Several soft commodities rallied with energy products and metals Monday as the dollar fell following the International Monetary Fund’s upward revision to its global growth forecasts for 2018 and 2019.
Arabica coffee for March delivery climbed 1.1% to $1.2255 a pound on the ICE Futures U.S. exchange. Meantime, March cocoa added 0.4% to $1,938 a ton, paring gains after rising as high as $1,975 in the session.

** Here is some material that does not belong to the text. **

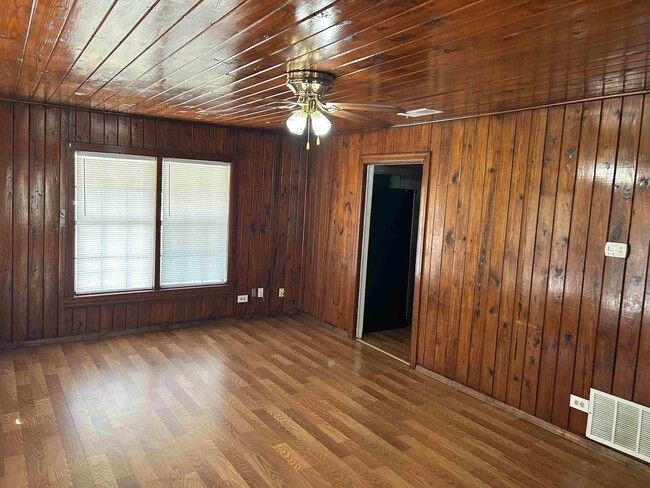 Photo - 3-Bedroom Home with Large Yard – Close to Schools!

Frozen concentrated orange juice for March also posted gains, closing up 1.3% at $1.4845 a pound.
The IMF said the global economy will gain momentum, driven in large part by recently approved U.S. tax-code changes.
Although analysts say several soft commodity markets are well supplied, Adam Sarhan, chief executive of 50 Park Investments, said he expects demand to grow as the global economy strengthens, supporting prices.

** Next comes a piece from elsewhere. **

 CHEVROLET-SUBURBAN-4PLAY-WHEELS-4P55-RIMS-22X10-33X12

“The tax cuts have big implications,” he says. “That helps demand, both domestic and international.
“Commodities as an entire asset class are deeply undervalued” following a yearslong downturn in prices, especially relative to stocks, he added.
The greenback’s fall has been another factor boosting dollar-denominated commodities recently by making them cheaper for overseas buyers. On Monday, the WSJ Dollar Index, which tracks the U.S. currency against a basket of 16 others, fell 0.2% following a sixth consecutive week of losses.
Some analysts have said investors covering short positions have also led to sporadic gains in the sector this year.
In other markets, March raw sugar pared earlier gains and closed down 0.6% at 13.17 cents a pound and March cotton inched down less than 0.1% to 83.41 cents a pound.